Data section =
######
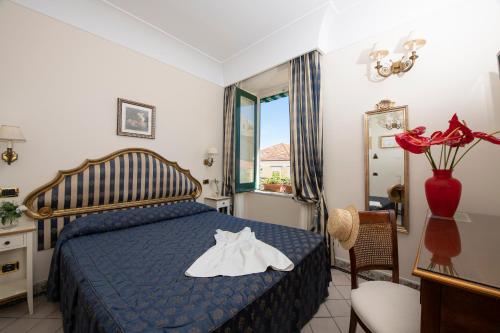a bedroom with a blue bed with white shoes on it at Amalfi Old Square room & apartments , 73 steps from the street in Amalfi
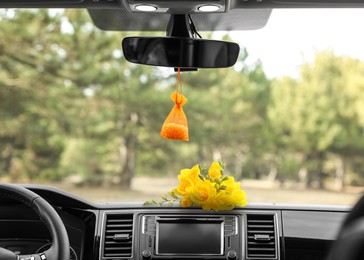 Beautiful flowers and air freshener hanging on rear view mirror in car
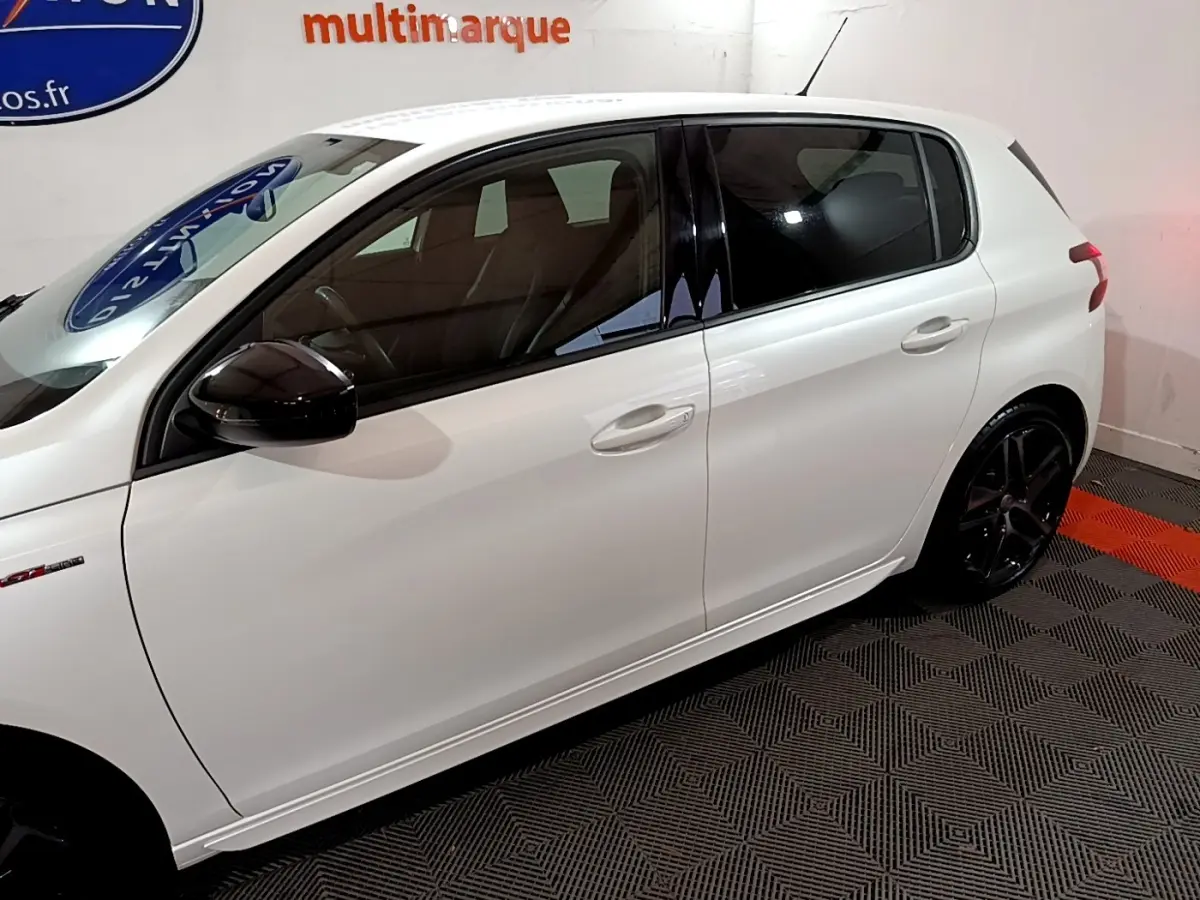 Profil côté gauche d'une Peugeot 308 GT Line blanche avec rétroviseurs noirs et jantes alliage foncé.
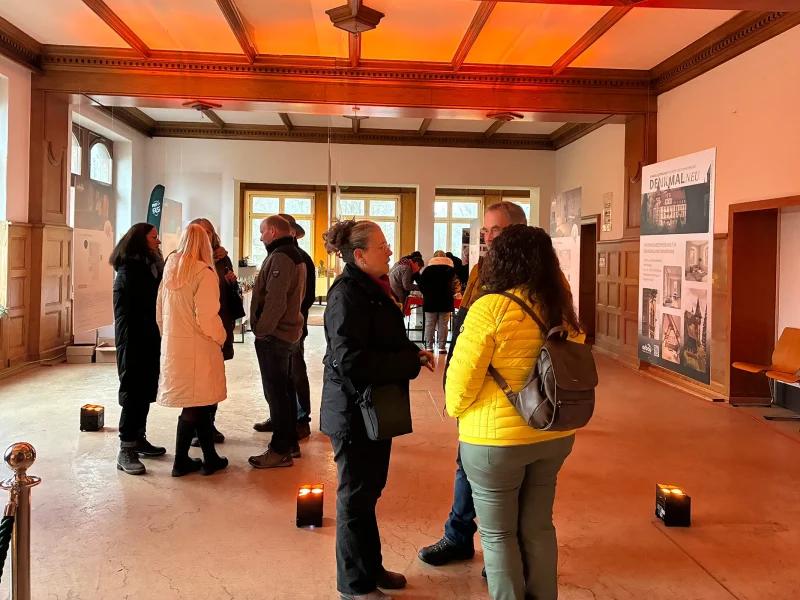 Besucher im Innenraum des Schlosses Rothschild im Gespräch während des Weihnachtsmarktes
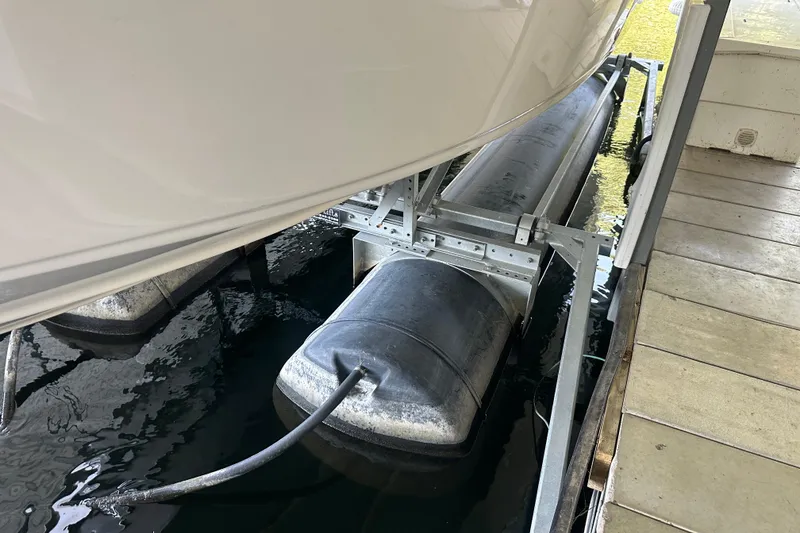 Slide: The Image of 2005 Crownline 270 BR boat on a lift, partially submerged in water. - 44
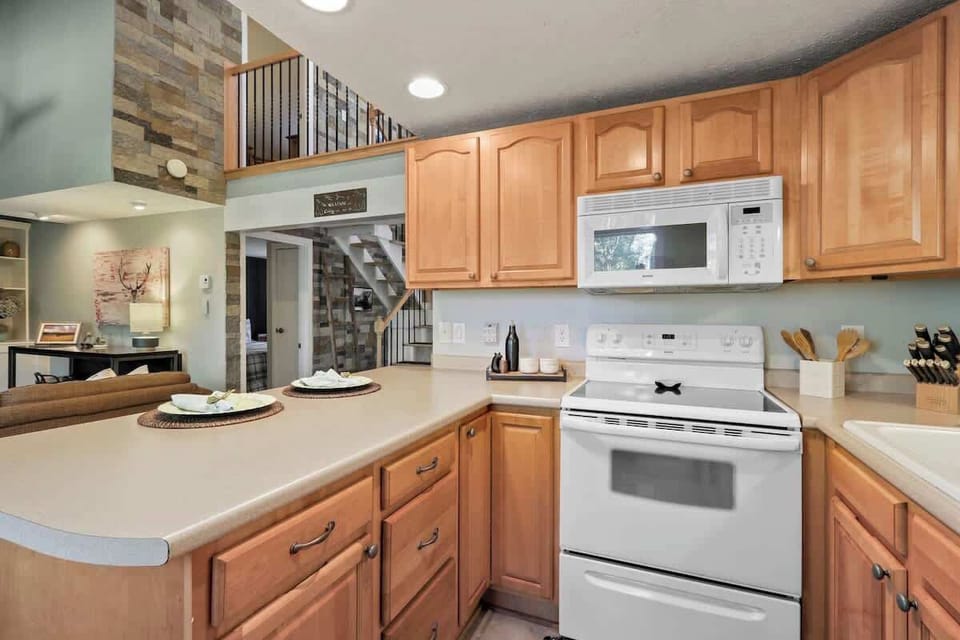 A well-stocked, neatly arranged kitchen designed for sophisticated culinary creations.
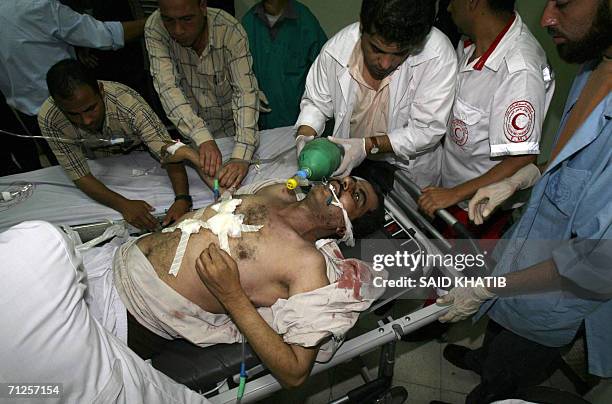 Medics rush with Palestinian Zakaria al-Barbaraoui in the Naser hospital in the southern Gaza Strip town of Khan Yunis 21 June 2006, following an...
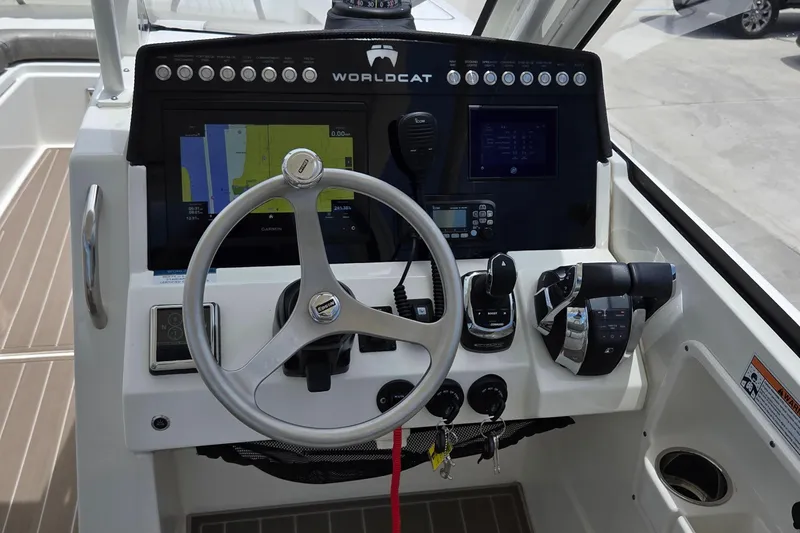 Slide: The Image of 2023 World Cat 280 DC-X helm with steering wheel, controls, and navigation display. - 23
######
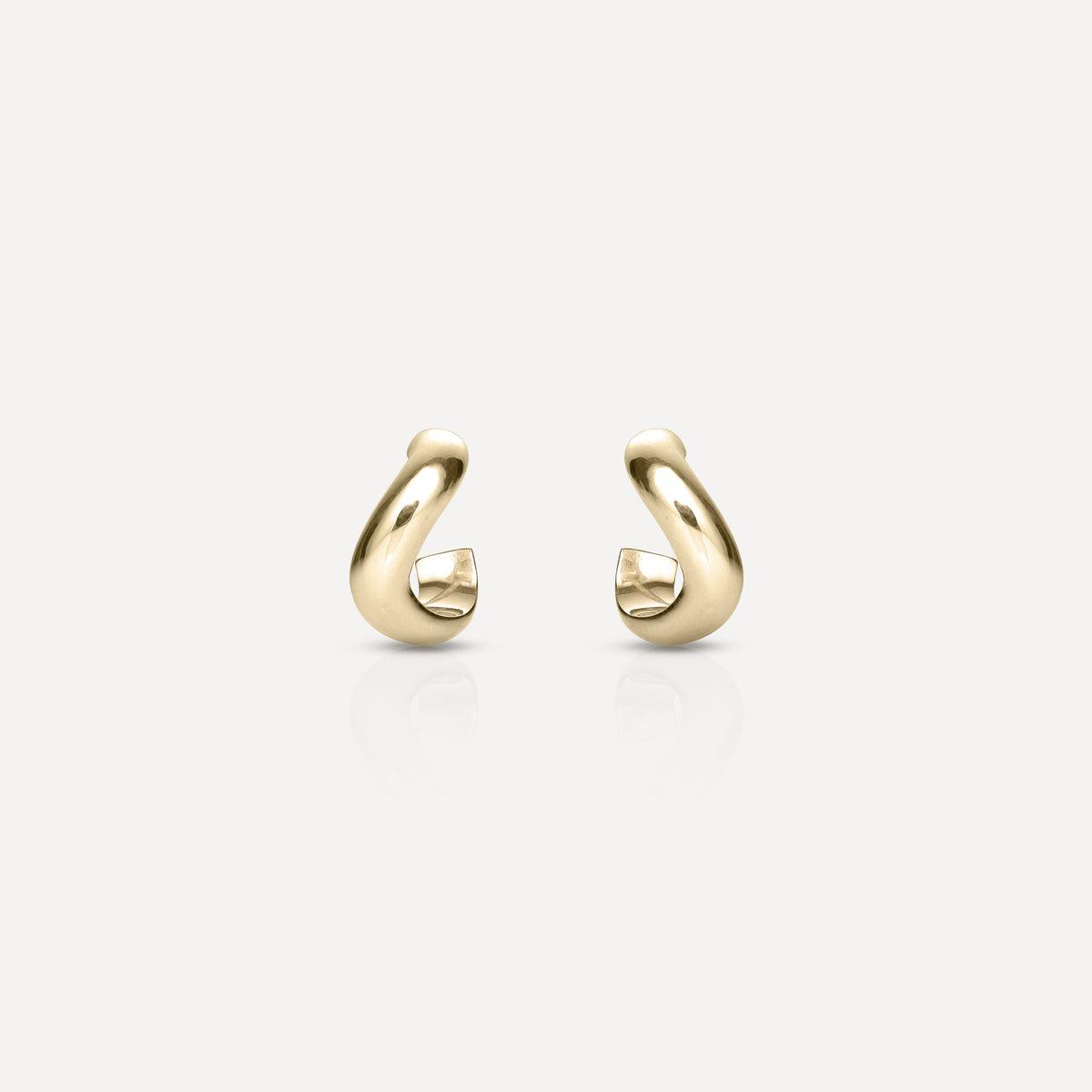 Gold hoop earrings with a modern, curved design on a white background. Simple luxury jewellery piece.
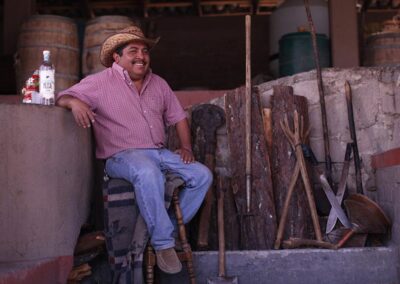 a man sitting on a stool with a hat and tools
######
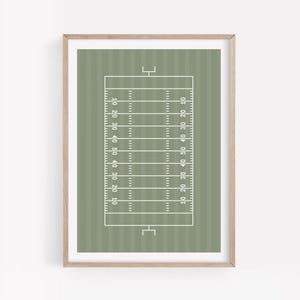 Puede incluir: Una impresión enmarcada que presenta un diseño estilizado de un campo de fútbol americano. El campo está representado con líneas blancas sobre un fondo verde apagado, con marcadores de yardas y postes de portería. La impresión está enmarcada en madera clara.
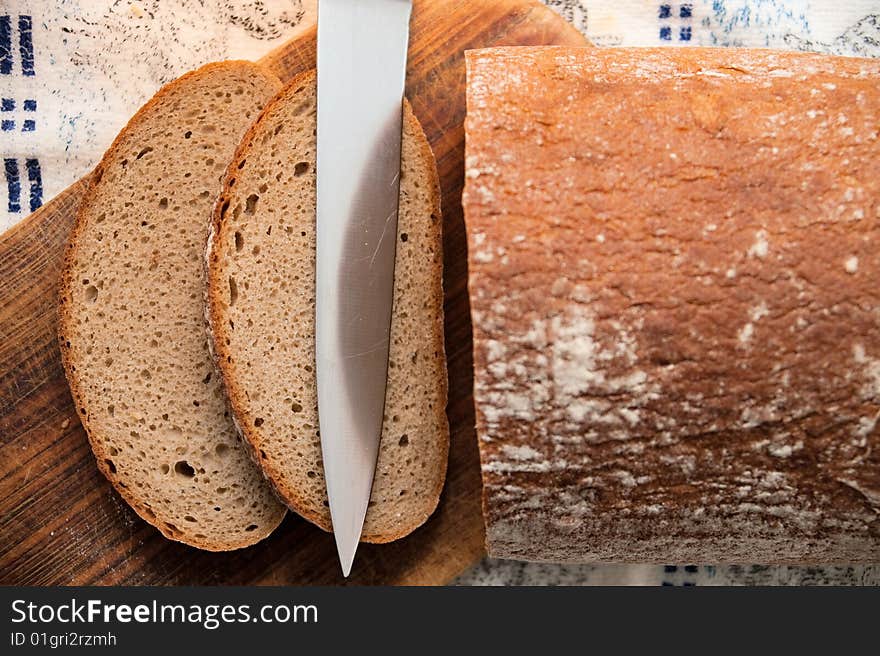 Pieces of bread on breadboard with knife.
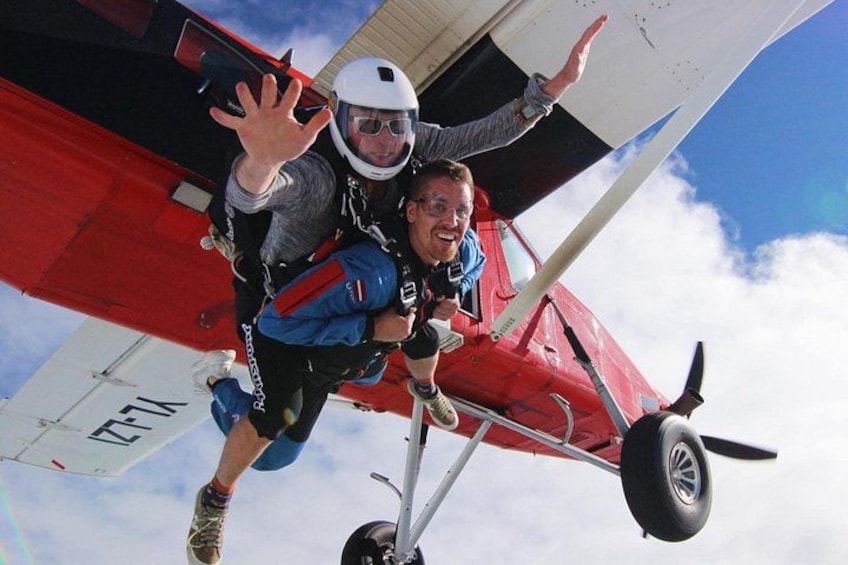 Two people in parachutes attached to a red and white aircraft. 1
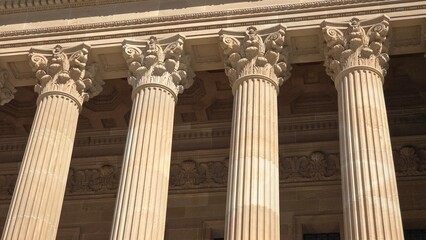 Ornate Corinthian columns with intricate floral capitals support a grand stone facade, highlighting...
######
To do =
From the data above, retype only the lines starting with the line with "a bedroom with" and going on through the line with "Besucher im Innenraum", exactly, leaving out the pictures.

Output of the exercise =
a bedroom with a blue bed with white shoes on it at Amalfi Old Square room & apartments , 73 steps from the street in Amalfi
 Beautiful flowers and air freshener hanging on rear view mirror in car
 Profil côté gauche d'une Peugeot 308 GT Line blanche avec rétroviseurs noirs et jantes alliage foncé.
 Besucher im Innenraum des Schlosses Rothschild im Gespräch während des Weihnachtsmarktes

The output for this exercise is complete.